Output, word for word, the line that contains "Trendy tv-meubel met" and all lines after it in the records below, omitting pictures.

### Pictures with short captions:

* * * *

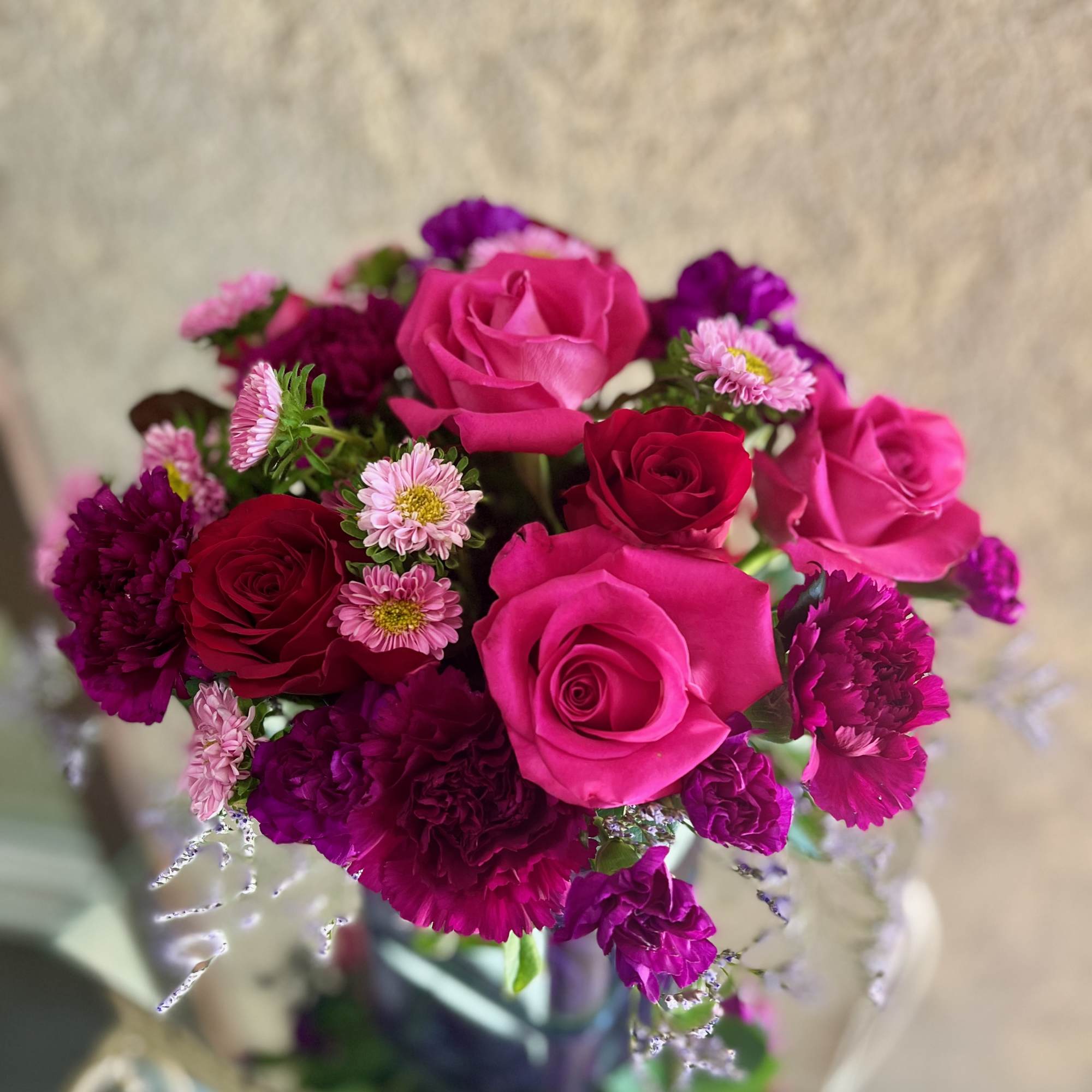 Our top-seller is filled with romantic colors including hot and light pink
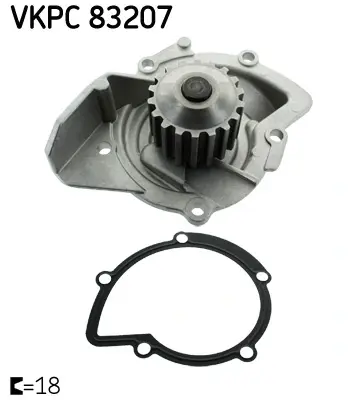 Насос водяний (Вир-во) SKF VKPC-83207 (фото 1)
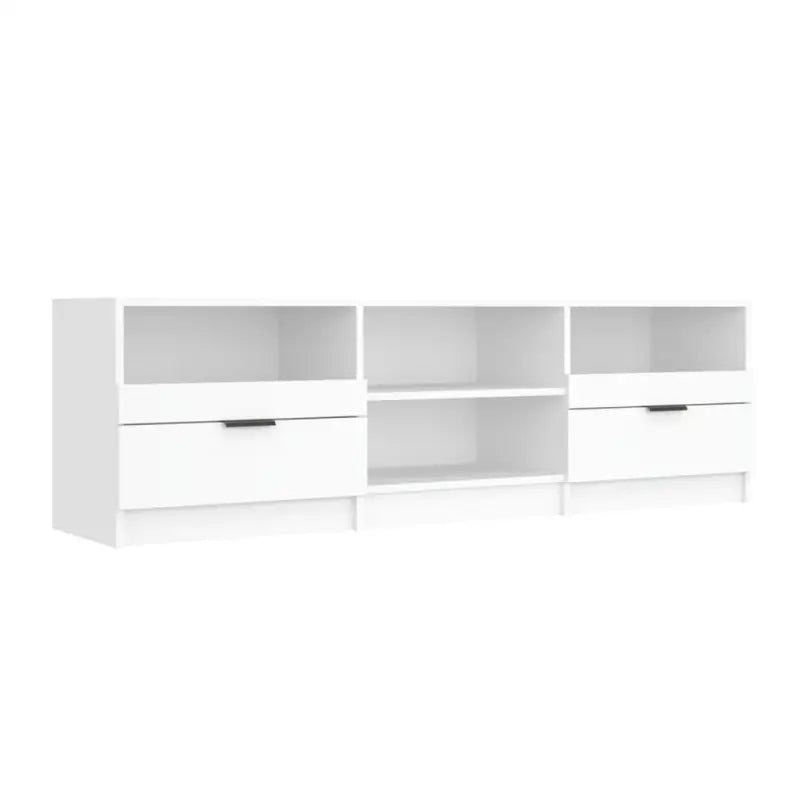 Trendy tv-meubel met stevig blad en bewerkt hout voor modern interieur - Tv-meubels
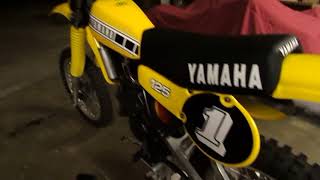 1980 YAMAHA YZ125g Vintage Dirt Bike Restoration [upl. by Rebmyt]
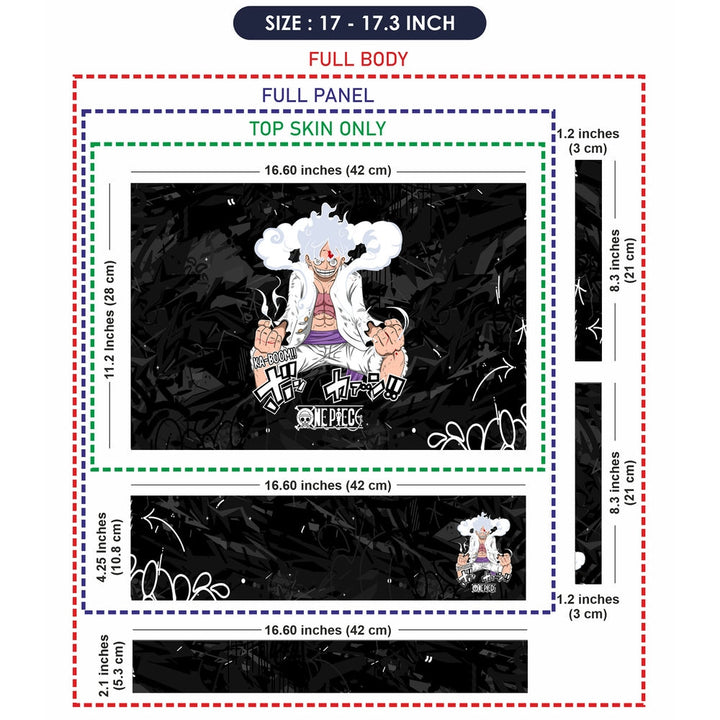 luffy gear 5 skin Shop One Piece Anime Gear 5 Luffy Laptop Skin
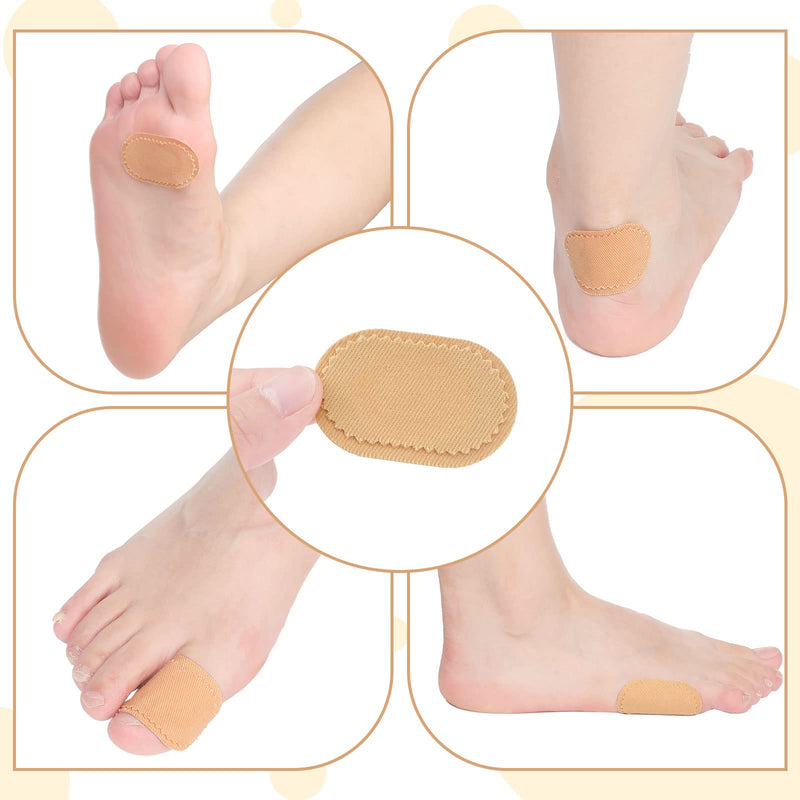 [Australia] - 30 Pcs Foot Callus Cushion Toe Cushions Pad Foot Protector Pads Corn Cushions Patches Shoe Accessories for Women Men Fabric Feet Heel Toe Protector Pads 30 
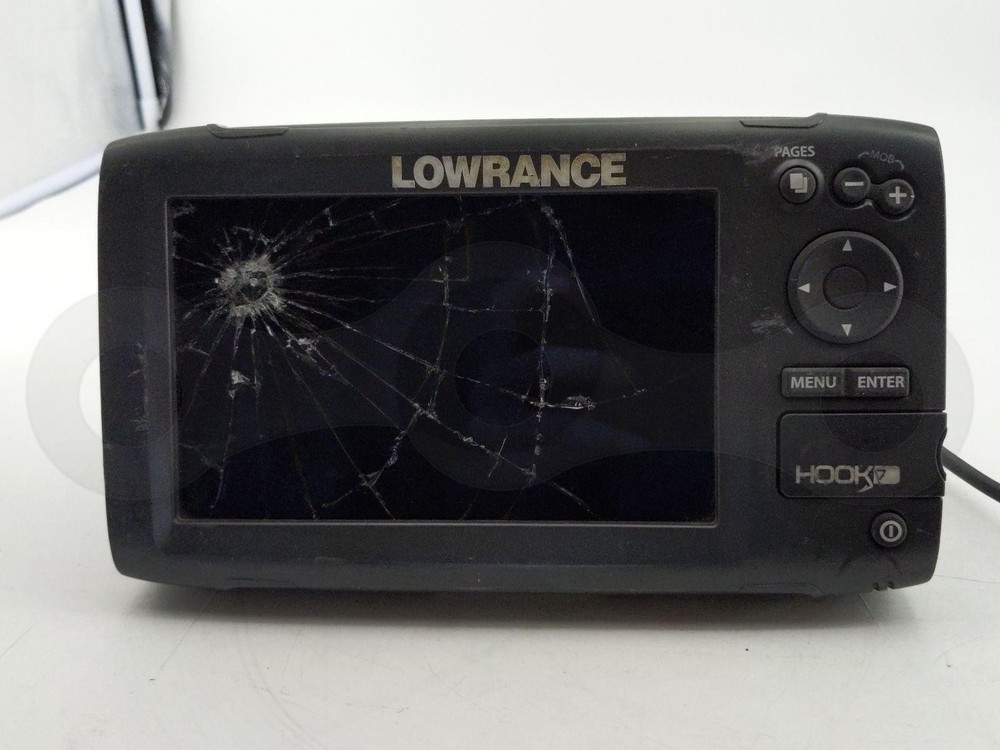 LOWRANCE HOOK 7 CHARTPLOTTER FISHFINDER GPS BOAT 7" HEAD UNIT SCREEN DISPLAY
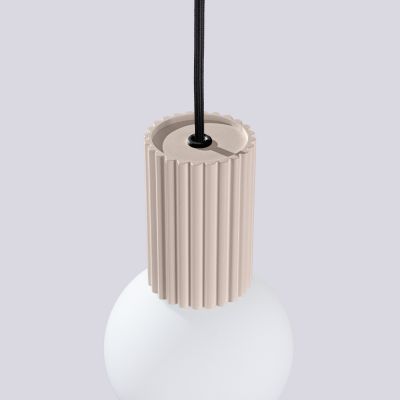 Sollux Lighting Halo lampa wisząca 1x8 W biała-taupe SL.1744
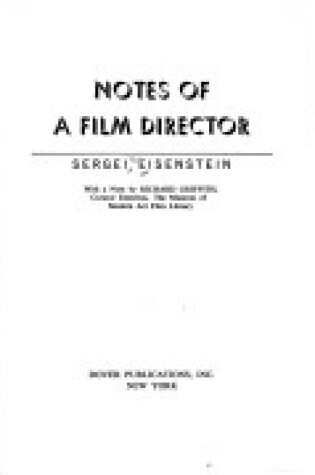 Cover of Notes of a Film Director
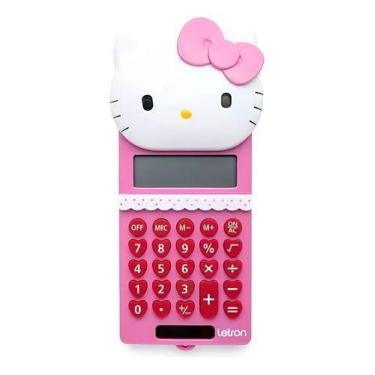 Imagem de Calculadora Eletrônica Escolar Escritório Hello Kitty Letron - Leonora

* * * *

### EXERCISE RESPONSE:
 Trendy tv-meubel met stevig blad en bewerkt hout voor modern interieur - Tv-meubels
 1980 YAMAHA YZ125g Vintage Dirt Bike Restoration [upl. by Rebmyt]
 luffy gear 5 skin Shop One Piece Anime Gear 5 Luffy Laptop Skin
 [Australia] - 30 Pcs Foot Callus Cushion Toe Cushions Pad Foot Protector Pads Corn Cushions Patches Shoe Accessories for Women Men Fabric Feet Heel Toe Protector Pads 30 
 LOWRANCE HOOK 7 CHARTPLOTTER FISHFINDER GPS BOAT 7" HEAD UNIT SCREEN DISPLAY
 Sollux Lighting Halo lampa wisząca 1x8 W biała-taupe SL.1744
 Cover of Notes of a Film Director
 Imagem de Calculadora Eletrônica Escolar Escritório Hello Kitty Letron - Leonora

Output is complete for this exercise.